+++ DATA SHOWN +++

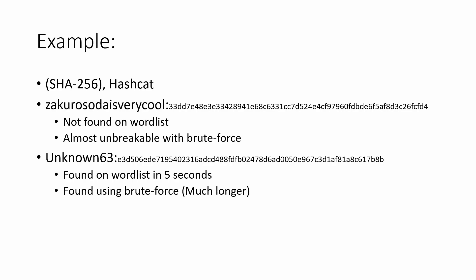Meanwhile, 'Unknown63' was found on the wordlist in five seconds. It looks like a common password and was also found using brute force, although that took much longer.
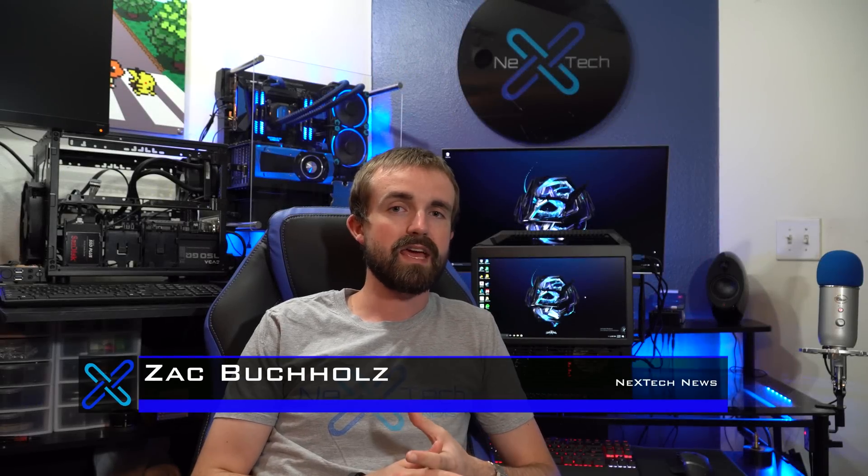Hey guys, this is Zach with Next Tech News, and today we're actually going to be comparing two different CPU fans.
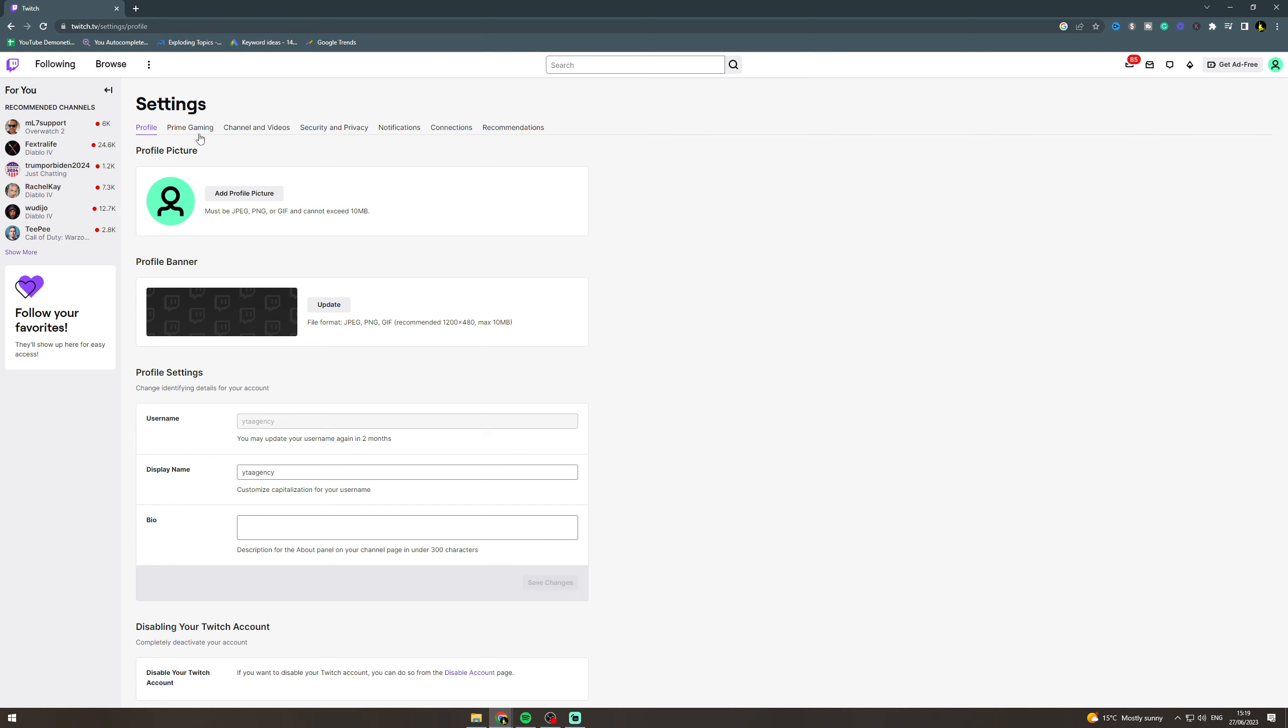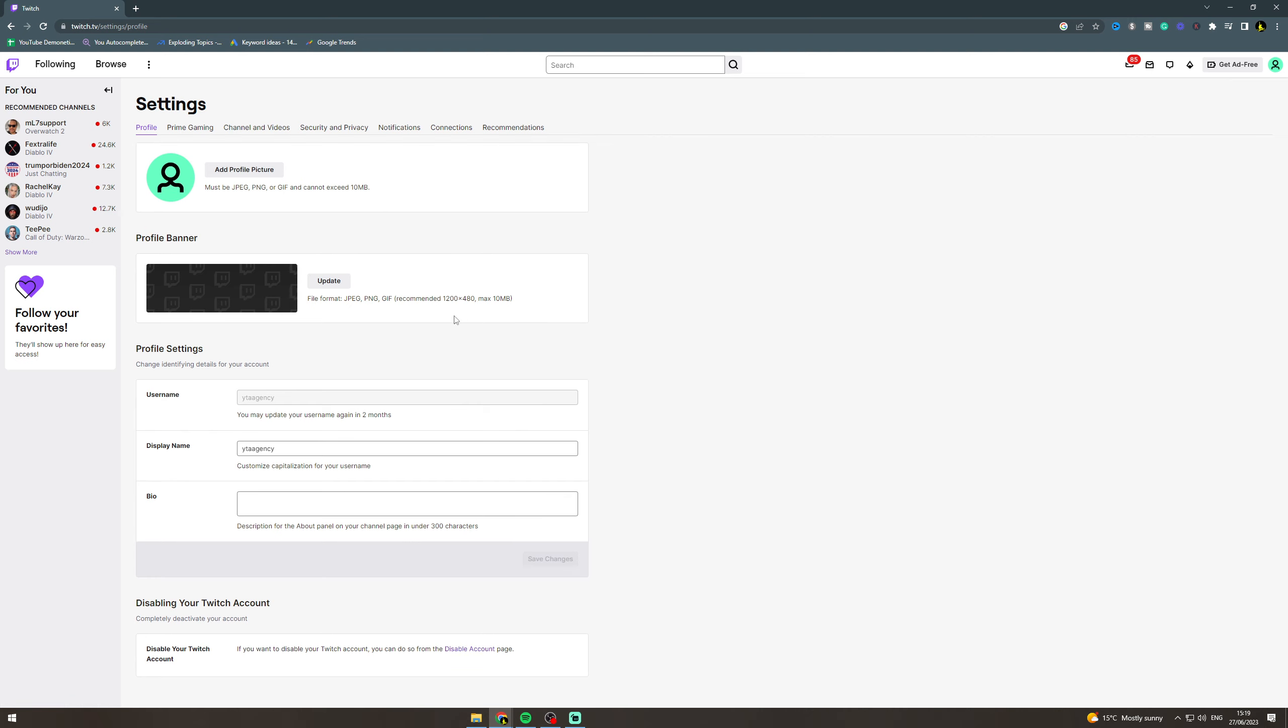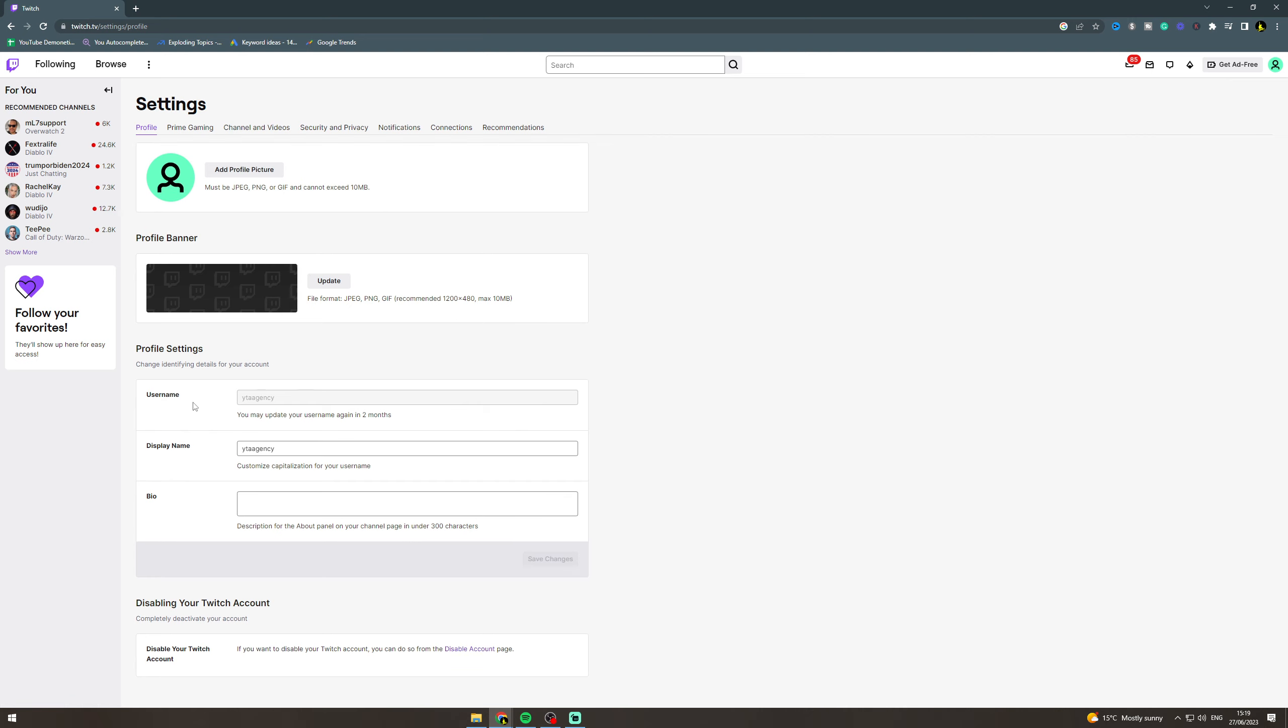Next thing you want to do is go over to the right, click on your profile, and go down to settings. In settings, you need to go to profile.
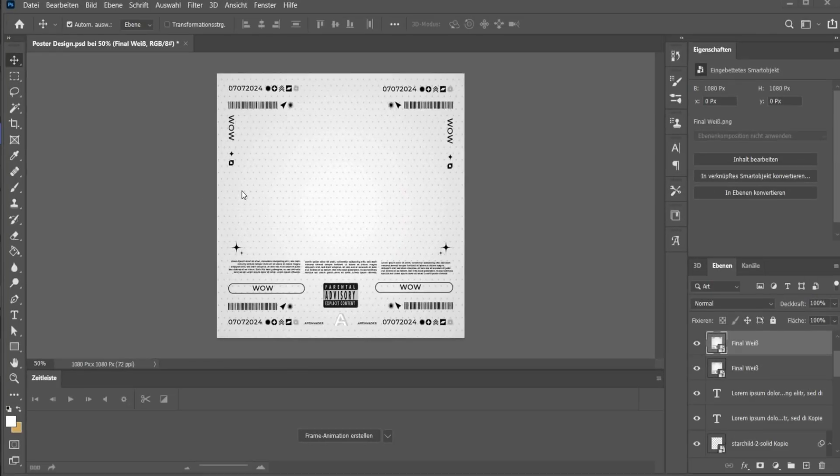Before we start with the material part, the important thing is the poster background — I already created one.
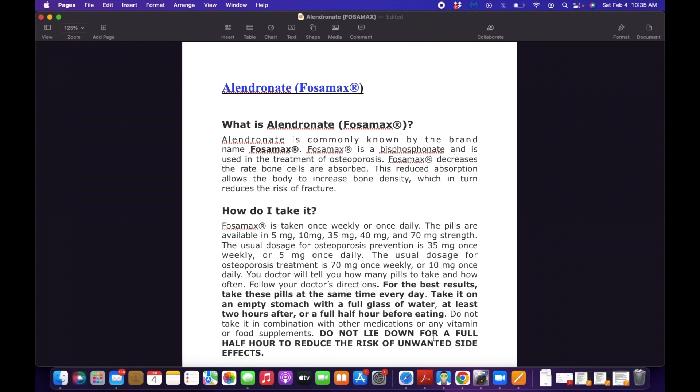Especially women - elderly women - usually experience osteoporosis because of the hormone estrogen, but not just women. Some men, elderly men, can also have osteoporosis.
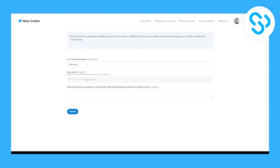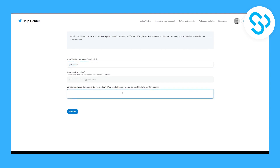Here you will need to put your own name, your email, what your community would be focused on, and what kind of people would be most likely to join.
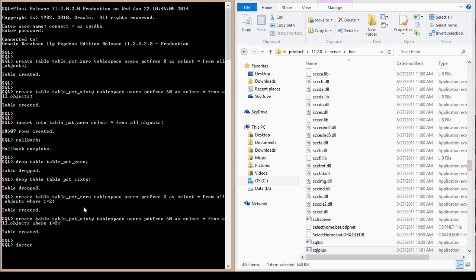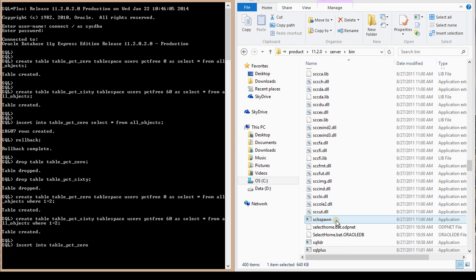The tables are created. I'm going to rewrite my insert statement: INSERT INTO table_pct_0 SELECT star FROM all_objects. If you guys remember your insert statements, if you have a SELECT statement inside your INSERT statement, you do not put VALUES — you just write the SELECT statement after pointing to the target table.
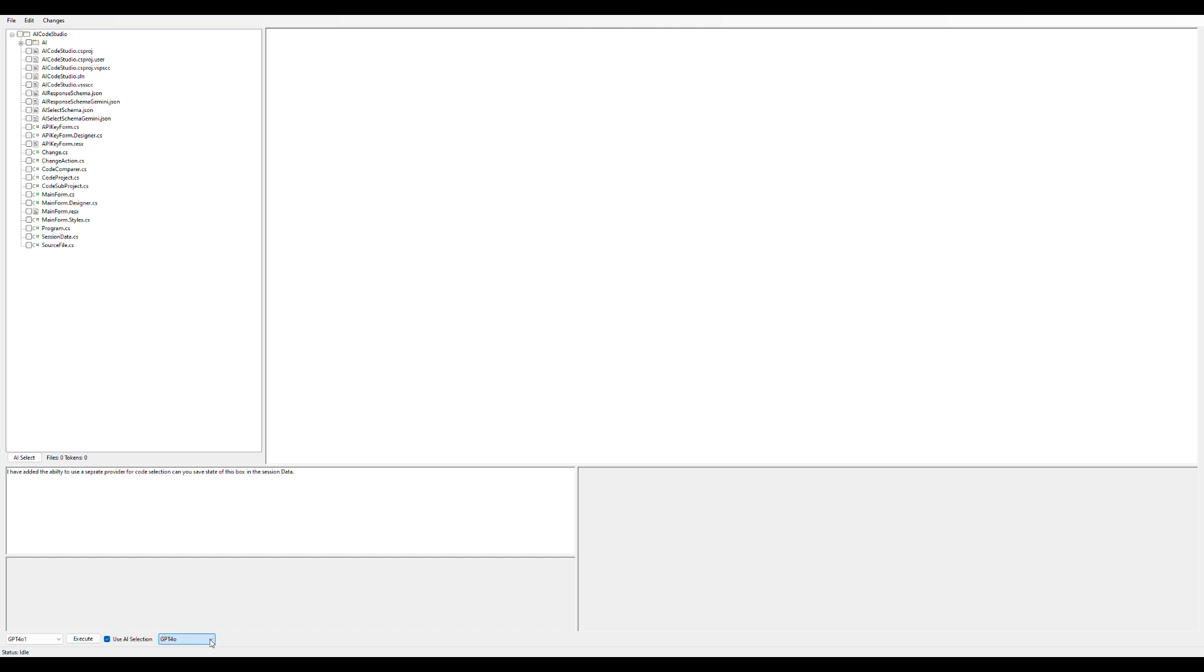What I'm going to do here is pick an AI that has a big context window, like Gemini 1.5, and I'm going to use GPT-01 to actually complete the code. I'm going to run this and we'll see what happens.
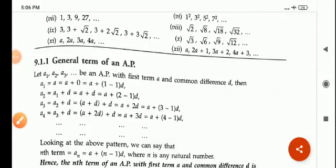Good morning once again. Welcome again in the third part of AP. That is the general term of an AP.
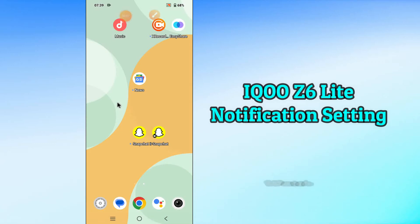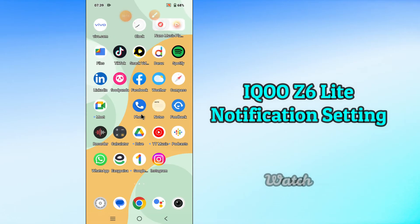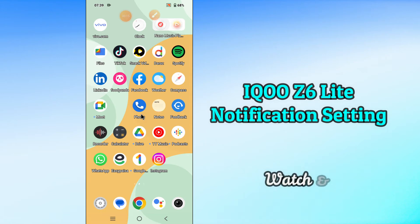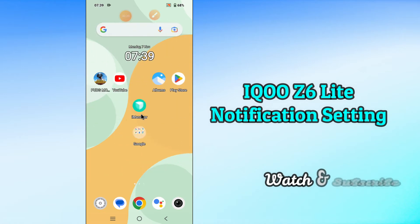Hi everyone, hope you're doing great, welcome to my YouTube channel. My today's video is about the notification settings of your device Z6 Lite 5G. If you want to learn about the notification settings of Z6 Lite 5G, you can do it by following the few steps which I'll be sharing with you in my today's video.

+++

WHAT NEEDS TO BE DONE: What's needed is an exact copy of the lines above from the one with "Especially women - elderly" through the one with "Here you will", both included; the pictures stay out.

WRITTEN RESPONSE:
Especially women - elderly women - usually experience osteoporosis because of the hormone estrogen, but not just women. Some men, elderly men, can also have osteoporosis.
Here you will need to put your own name, your email, what your community would be focused on, and what kind of people would be most likely to join.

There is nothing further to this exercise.